Litespeed Ultimate (57 cm)
Ouzo comp fork
Forgie stem, bars
Cane Creek headset
Selle Italia seat (not changing)
Ultegra 9 speed
Dura ace pedals
Thompson elite seat post
Rolf prima elan wheels (for climbing, racing)
Speedcific wheels (DT, speedcific hub) on order for training

Thanks.


----------



## zoom52 (Oct 3, 2004)

You can do a number of things to lighten things up. It all depends on how much money you want to spend. 

I've got my 2002 Tuscany to 14.30. What helped the most was changing the fork and wheels. With all the light parts it still very comfortable and stiff.


----------



## oneslowmofo (Feb 29, 2004)

*Economical is relative...*

That said, it looks like you've already made the decision to lighten your wheelset with the Rolfs. Those are great wheels.

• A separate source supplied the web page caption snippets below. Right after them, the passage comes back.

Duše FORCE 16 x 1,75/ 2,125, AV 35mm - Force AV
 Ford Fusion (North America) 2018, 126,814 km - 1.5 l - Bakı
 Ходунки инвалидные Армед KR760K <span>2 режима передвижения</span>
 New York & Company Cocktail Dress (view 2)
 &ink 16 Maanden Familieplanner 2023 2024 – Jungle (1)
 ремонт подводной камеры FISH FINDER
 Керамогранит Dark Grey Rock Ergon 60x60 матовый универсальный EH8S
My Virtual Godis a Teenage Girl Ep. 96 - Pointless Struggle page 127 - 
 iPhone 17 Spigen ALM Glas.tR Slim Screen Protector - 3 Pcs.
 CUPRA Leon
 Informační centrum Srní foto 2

You could consider the following:

New bar and stem - deda and Ritchey's top end aluminum products are good performing and nicely priced compared to the carbon options out there. - about $200 for stem and bar

Trade the Ouzo Comp fork to a new Easton EC90 Superlight SLX fork - about $350

Seatpost - USE carbon Alien's are nice. - about $125

The prices are guesses but I'm sure you can find them on the web for those prices or lower. As for the weight saving, you' probably save about 200-300 grams (or close to half a pound). Beyond that you'd be looking at spending some big bucks to upgrade the group and/or possibly spend a lot of $$$ getting those Zero Gravity brakes.

This is no scientific but I had an Ultimate and know that it's not the lightest thing on the road. But honestly, that's not it's specific intent.

Enjoy your upgrade-itus.


----------



## vonteity (Feb 13, 2005)

12345


----------